La Pinacoteca Comunale di Collesalvetti dedica una mostra inedita al poliedrico artista livornese Aleardo Kutufà, rivelando la sua influenza tra estetismo dannunziano e atmosfere crepuscolari, in un dialogo con l’Europa simbolista.

La Pinacoteca Comunale “Carlo Servolini” di Collesalvetti accoglie fino al 7 agosto 2025 una mostra destinata a gettare nuova luce su una figura complessa e ancora poco esplorata del panorama artistico e letterario del primo Novecento livornese: Aleardo Kutufà (Livorno, 1891-1972). La mostra, intitolata L’ora delle Lampade. Dialoghi di Aleardo Kutufà tra estetismo dannunziano, fantasmi crepuscolari e sogno del Medioevo, promossa dal Comune di Collesalvetti e curata da Francesca Cagianelli con Stefano Andres ed Emanuele Bardazzi, ricostruisce le multiformi sfaccettature di un intellettuale la cui opera, sebbene premiata da un notevole consenso nazionale ai suoi tempi, è stata ingiustamente relegata nell’oblio.

Il valore di Kutufà fu riconosciuto da personalità di spicco della cultura italiana ed europea. Giovanni Marradi, il poeta e patriota livornese, definì i suoi libri “una grande rivelazione d’ingegno”. L’amico romanziere Guido da Verona ne lodava l’opera come “di alto e musicale valore”, mentre Guido Mazzoni, poeta e uomo politico, ne ammirava le “alte qualità scrittorie”. Persino figure del calibro di Gabriele d’Annunzio, Benedetto Croce, Arturo Graf e il celebre compositore Arturo Toscanini espressero giudizi lusinghieri nei suoi confronti, attestando la sua statura intellettuale e artistica. Nonostante ciò, il suo nome sembra essere stato marginalmente messo in discussione solo nel volume Virtù degli artisti labronici di Gastone Razzaguta, mentre Carlo Servolini, nella sua Commedia Labronica delle Belle Arti, lo celebrava nella “Sfilata dei dimenticati” come poliedrico artista e letterato.

Nato a Livorno il 9 novembre 1891 da una famiglia aristocratica (il Cavaliere Nicola Kutufà e la Marchesa Gemma Turini Del Punta), Aleardo Enrico Leopoldo Paolo Kutufà coltivò per tutta la vita un profondo orgoglio per le sue origini e un saldo legame spirituale con l’Ellade, vagheggiando l’Oriente nelle sue molteplici declinazioni: greco, bizantino, turco, e quello favoloso descritto nelle Mille e una notte.

Il percorso culturale di Kutufà fu precocissimo.

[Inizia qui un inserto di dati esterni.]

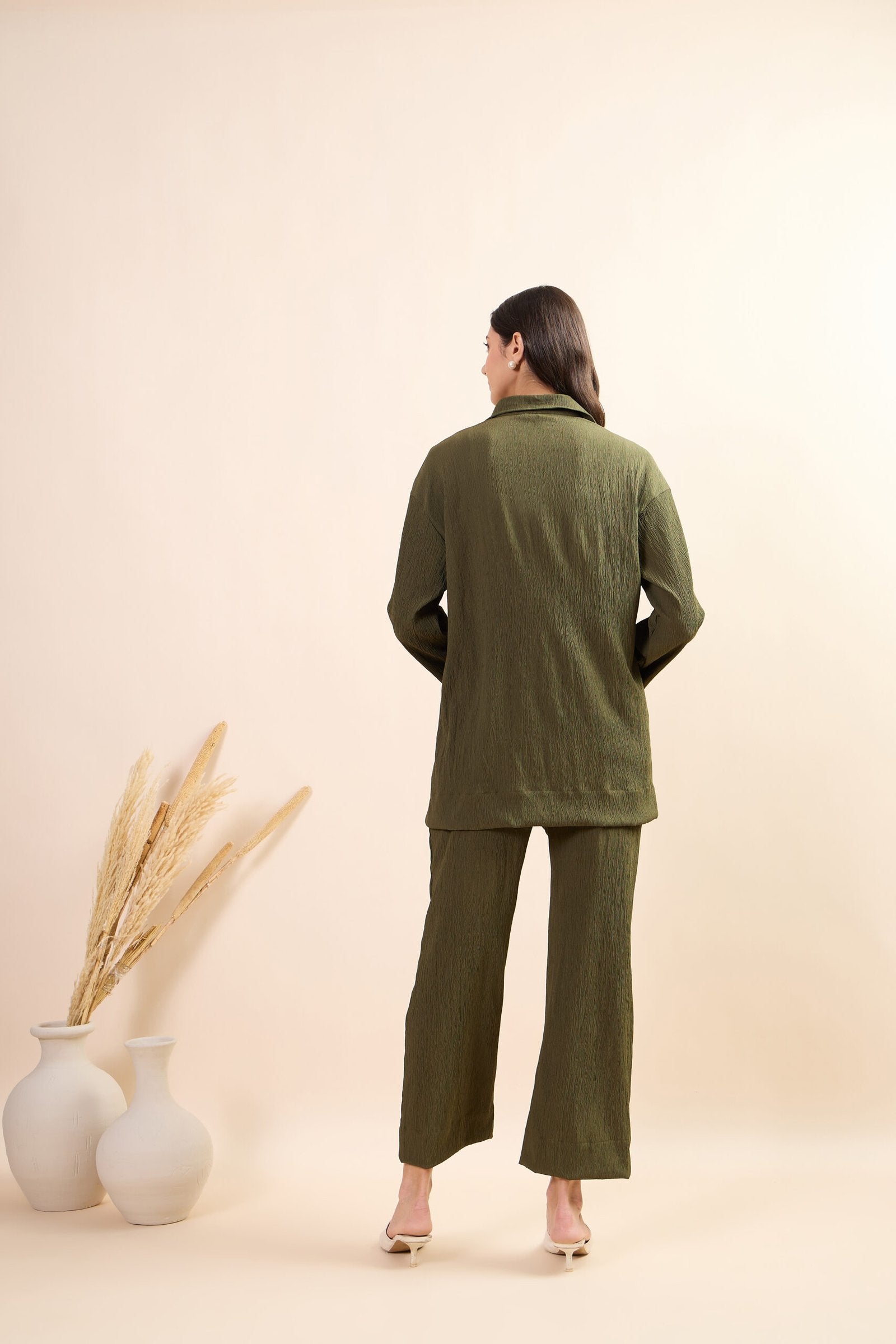 KIARABEL Women's Olivebell Styles Co-Ord Set image 1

Iscrittosi al Liceo classico Niccolini di Livorno, probabilmente nel 1911 conobbe Ettore Serra, con cui strinse una “domestichezza fraterna”. Nello stesso periodo, pubblicò per i tipi dell’editore R. Giusti un trattato di filosofia, La Metafisica teologica, un’opera intrisa di speculazioni deiste e antitradizionali. Fu grazie all’influenza di Serra che Kutufà si addentrò nelle strade dell’estetismo, avvicinandosi alle teorie estetiche di Angelo Conti e al pensiero di Nietzsche, condividendo inoltre un profondo amore per i giganti della musica come Beethoven, Wagner e Catalani, e un raffinato gusto per i Primitivi e i Preraffaelliti.

Carlo Servolini fu tra i primi a documentare questa straordinaria stagione culturale, celebrando Kutufà come “culto poeta, letterato ed altro”, rimasto ingiustamente condannato all’oblio perché, “imitando l’antico tanto bene, divenne creator, sì che tutt’altro che un mestierante fu”. Da questo sodalizio intellettuale nacque un vero e proprio cenobio, coordinato dallo stesso Servolini, che Gino Mazzanti avrebbe rievocato nel 1968 come una “fratria” (G. Mazzanti, Ricordo ventennale di un maestro. Carlo Servolini pittore e acquafortista (1876-1948), in “Le Venezie e L’Italia”, VII, 3, 1968). Questo gruppo contribuì alla germinazione, nella Livorno del Caffè Bardi, di un humus simbolista alimentato dall’estetica ruskiniana, dall’estetismo dannunziano e dal revival neogotico, coordinate assolutamente inedite per la città.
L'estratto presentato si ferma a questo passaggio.